Do you want Zotero to be able to import these (and if so from where specifically) or for Zotero to be able to generate them?

There's an open ticket for import: https://github.com/zotero/translators/issues/366
but we don't have much in terms of a use case at this time (i.e. we're not seeing this on many sites).

In terms of "how" - the starting point should be the "Embedded Metadata" Translator. It may just be easiest to add RDFa and/or microdata support in there.

westurner · April 12, 2014

Once I have stored citations in Zotero, I would like to generate (export) the citations to an HTML page with Schema.org RDFa.

* Select a few citations
* Right-click: "Export selected items"
* [Request]: Select 'HTML (Schema.org RDFa)' format
* Click 'Ok'

(This may be difficult, as there would be no citation style selected.)

And/or

* Select a few citations
* Right-click: "Create Bibliography from Selected Items"
* Select a citation style
* [Request]: Select Save as 'HTML + [Schema.org] RDFa'

In terms of source files, from github search, I see:

* https://github.com/zotero/zotero/blob/master/chrome/content/zotero/bibliography.js
* https://github.com/zotero/zotero/blob/master/chrome/content/zotero/bibliography.xul

But I'm not sure where mappings between:

* Zotero types <--> http://schema.org/CreativeWork subclasses
* CSL fields <--> Schema.org properties (see [5])

would need to be.

westurner · April 12, 2014

There's an example of an http://schema.org/Article (base type of BlogPosting, NewsArticle, ScholarlyArticle, TechArticle) represented in RDFa below where it says 'Examples' (in the RDFa tab).

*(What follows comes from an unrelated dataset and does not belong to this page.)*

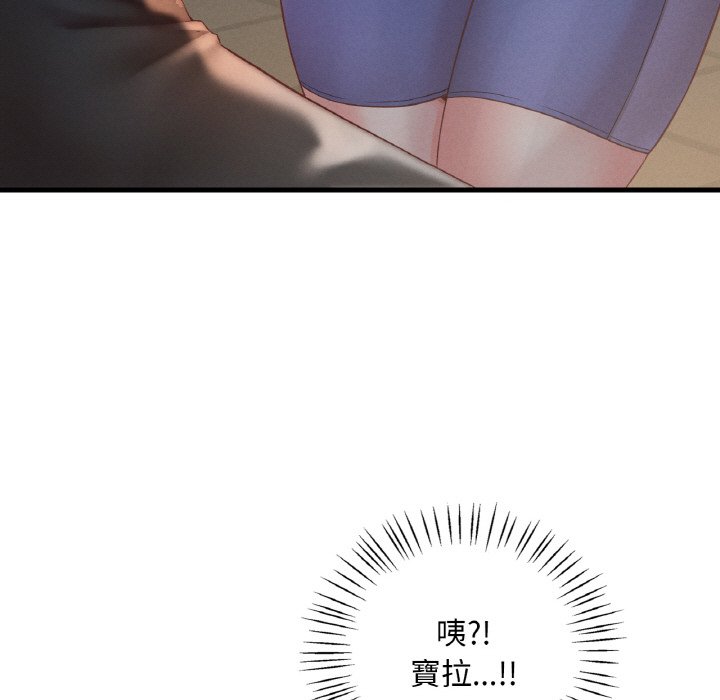 262.jpg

adamsmith · April 12, 2014

Frankly, that'd be a nightmare to implement since citations are generated using citeproc.js which is a project run separately from Zotero. Adding different microdata fields to citation components would entail mucking with the citeproc code which I don't think anyone is excited about. Also, not every component of a citation is on a different html element, so I wouldn't even know where to put the rdfa. HTML bibliographies already include COinS, which seems great for the purpose of exposing citation information.
Moreover, I'd question whether embedding microdata with citations actually make sense. The point as I understand it is to add a universal metadata structure to webpages - if you add microdata to citations _on_ a webpage, if anything, that would seem to be misleading for search engines, no?

edit: so, more generally speaking, I'm puzzled what Zotero has to do with this (except that it should eventually be able to read it). This would seem to be something to integrate into WordPress and similar systems that you use to generate actual webpages, not into a reference manager.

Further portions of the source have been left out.